Inception

It’s not often a mainstream film comes out of Hollywood with such wellformed and thought out science fictions ideas, in fact they are increasingly rare in the modern day dumb-it-down-for-simplified-american-audiences era. This only serves to make Inception, the latest film from director Christopher Nolan (Dark Knight), an even greater delight and easily one of the best sci-fi films to date.

Leonardo DiCaprio plays Cobb, an “extractor” of people’s memories from their very psyches. A fugitive from the law, he takes on one last job to perform the most dangerous of missions, to plant the very essence of an idea in a mind. What follows is a journey through multiple layers of dreams within dreams, until reality itself begins to fold in around the central characters.

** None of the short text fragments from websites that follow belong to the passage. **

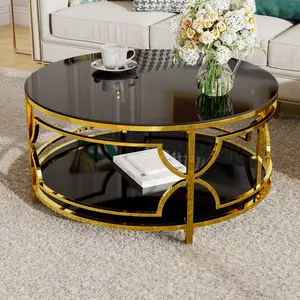 Round Tempered Glass Coffee Table in 30.7",Luxurious Geometric Metal Frame,Gold Finish & Lower Shelf, Black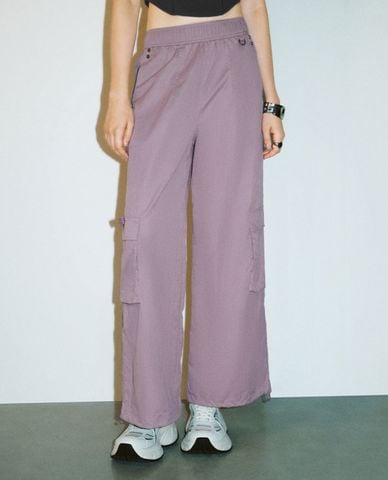  URBAN REVIVO - Quần nữ ống rộng lưng thun phối túi hộp Elastic Waist 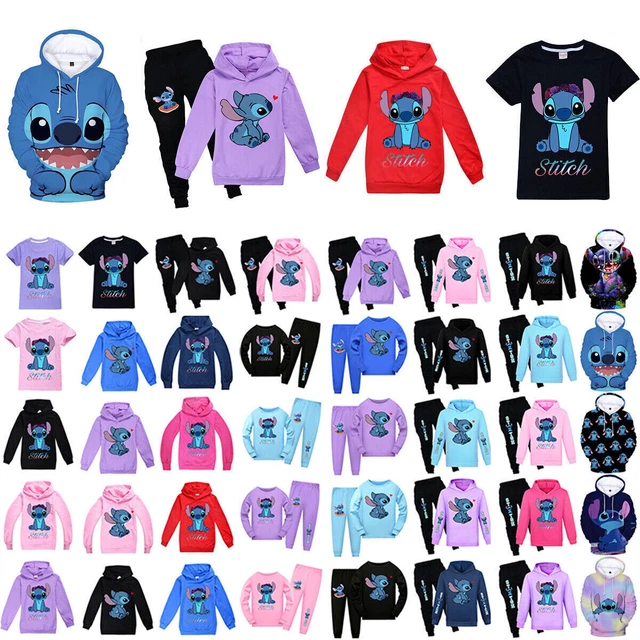 Kids Lilo and Stitch Autumn Sweatshirt Hooded Tops & Pants Tracksuit Outfits Set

Inception assumes a level of intelligence on its audience’s part, technology is left unspoken, actions are not explained in small words and the overall result is a very smart thriller. It demonstrates the best form of science fiction, one in which the very technology itself becomes a transparent medium through which the actual story is told. What’s left is a heart-pounding story with equal parts action and thinking.

The ensemble cast fit together very, very well with a very sharp script to move things along. It’s also worth pointing out that the special effects themselves are worth going to see the film for. From hotel corridors that actually rotate (no CGI here), to entire streets exploding in slow motion, the special effects are simply superb and never once push the film towards the realm of “it looks good, but there’s no way that could happen”.

In closing, Inception takes the very best parts of other films in its genre such as The Matrix and Primer (two amazing films in their own right) and merges them to create something wholly original and unique. To watch Inception is to invite doubt about the very nature of reality and the things that inhabit it. This is one movie that should definitely be watched multiple times.